Alice Cooper lança em outubro a autobiografia ‘Devil On My Shoulder’
Alice Cooper anunciou o lançamento de sua autobiografia definitiva, “Devil On My Shoulder”, publicada pela Ebury Spotlight em 8 de outubro de 2026. Esta autobiografia há muito aguardada finalmente revela os detalhes de uma das maiores vidas da música.
Baseando-se em mais de sessenta anos de folclore do rock, Cooper apoiará o lançamento do livro com uma turnê íntima de palestras de oito datas no Reino Unido. Cada noite contará com o integrante do Rock And Roll Hall Of Fame em conversa com um moderador convidado especial, seguida por uma sessão de perguntas e respostas com o público, oferecendo aos fãs um raro vislumbre por trás da maquiagem e das guilhotinas.
Existem dois Alice Coopers aparentemente irreconciliáveis — o personagem teatral assassino e moralmente corrupto que ameaçou a fibra moral do mundo ocidental… e o homem que o interpreta, um filho de pastor sóbrio que está casado e feliz há 50 anos. Ao longo do caminho, os dois se tornaram esquizofrenicamente entrelaçados. E em uma névoa de rock and roll pioneiro, álcool, drogas, músicas icônicas e shows selvagens, guilhotinas, frangos abatidos, amigos lendários, boatos, cobras, tabuleiros Ouija, surrealismo, incêndios domésticos e acidentes de carro — eles quase se mataram.

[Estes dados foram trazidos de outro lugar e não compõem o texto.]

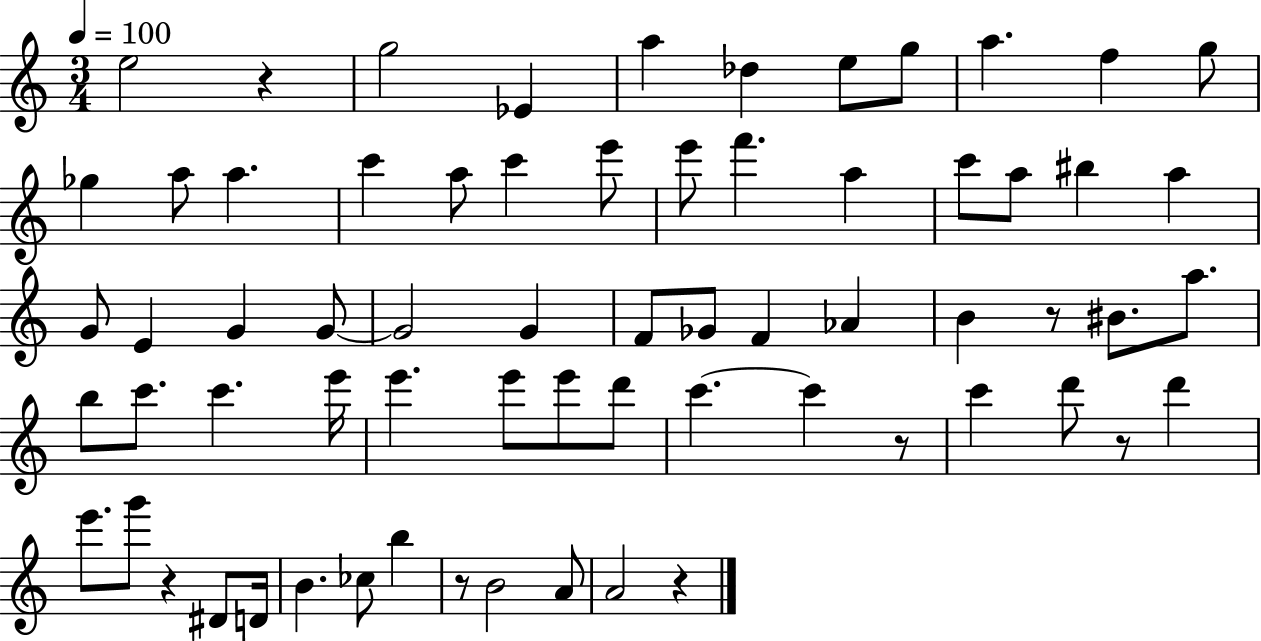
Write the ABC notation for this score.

X:1
T:Untitled
M:3/4
L:1/4
K:C
e2 z g2 _E a _d e/2 g/2 a f g/2 _g a/2 a c' a/2 c' e'/2 e'/2 f' a c'/2 a/2 ^b a G/2 E G G/2 G2 G F/2 _G/2 F _A B z/2 ^B/2 a/2 b/2 c'/2 c' e'/4 e' e'/2 e'/2 d'/2 c' c' z/2 c' d'/2 z/2 d' e'/2 g'/2 z ^D/2 D/4 B _c/2 b z/2 B2 A/2 A2 z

Cooper diz: “Alice ainda está em turnê pelo mundo hoje, um delinquente senil de verdade fazendo centenas de shows todos os anos, enquanto eu mesmo estou regenerado. E com o benefício da retrospectiva e uma certa maturidade, eu gostaria de descrever nossa jornada para o inferno e de volta juntos, porque não são apenas as estrelas do rock que podem perder o rumo.”

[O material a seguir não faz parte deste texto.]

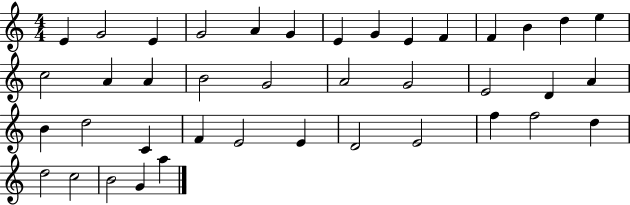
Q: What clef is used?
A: treble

Nos anos sessenta e início dos setenta, Alice Cooper era simplesmente um grupo de rock, mas conforme seu vocalista principal, Vincent Damon Furnier, desenvolvia seu personagem Grand Guignol moderno, Alice Cooper tornou-se seu nome artístico. Então, em uma onda de sucesso global, ele o alterou legalmente para o seu próprio.
Cooper diz: “Eu nasci Vincent Damon Furnier mas, seduzido pela reputação do meu personagem, mudei meu nome legalmente para Alice Cooper e, no processo, perdi de vista quem eu realmente era. O garoto americano educado que eu fui um dia tornou-se um monstro e um perigo mortal para si mesmo.”

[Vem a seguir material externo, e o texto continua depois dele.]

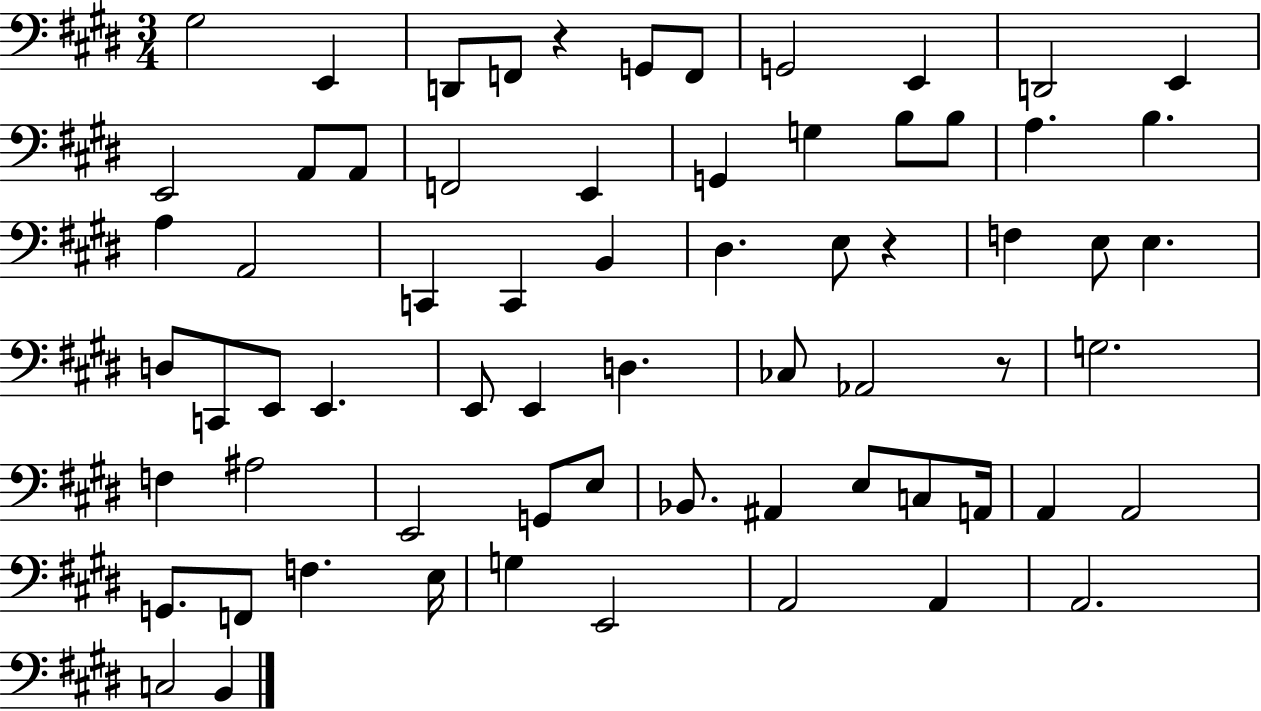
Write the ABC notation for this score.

X:1
T:Untitled
M:3/4
L:1/4
K:E
^G,2 E,, D,,/2 F,,/2 z G,,/2 F,,/2 G,,2 E,, D,,2 E,, E,,2 A,,/2 A,,/2 F,,2 E,, G,, G, B,/2 B,/2 A, B, A, A,,2 C,, C,, B,, ^D, E,/2 z F, E,/2 E, D,/2 C,,/2 E,,/2 E,, E,,/2 E,, D, _C,/2 _A,,2 z/2 G,2 F, ^A,2 E,,2 G,,/2 E,/2 _B,,/2 ^A,, E,/2 C,/2 A,,/4 A,, A,,2 G,,/2 F,,/2 F, E,/4 G, E,,2 A,,2 A,, A,,2 C,2 B,,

Com uma carreira que abrange seis décadas, a história de Alice apresenta anedotas espirituosas e íntimas com Salvador Dalí, Bob Hope, John Lennon, Groucho Marx, Vincent Price, Frank Sinatra, Errol Flynn, Bette Davis, Jimi Hendrix, Gerald Ford, Andy Warhol, Tiger Woods, para citar alguns, mas ele também é um observador agudo da disfunção e do desespero, da selvageria e da criminalidade, de impulsos e vícios, transgressões e da bondade humana. E assim ele conta sua história de ambas as perspectivas: anjo em um ombro, diabo no outro.
Cooper diz: “Eu e Alice estávamos sendo criativos com a verdade muito antes da era das fake news. Agora, após mais de trinta discos e mais de sessenta anos de mentiras e invencionices, acho que é hora de separar a verdade dos boatos e mentiras.”
“Devil On My Shoulder” é a memória definitiva de um dos artistas musicais mais icônicos da nossa geração.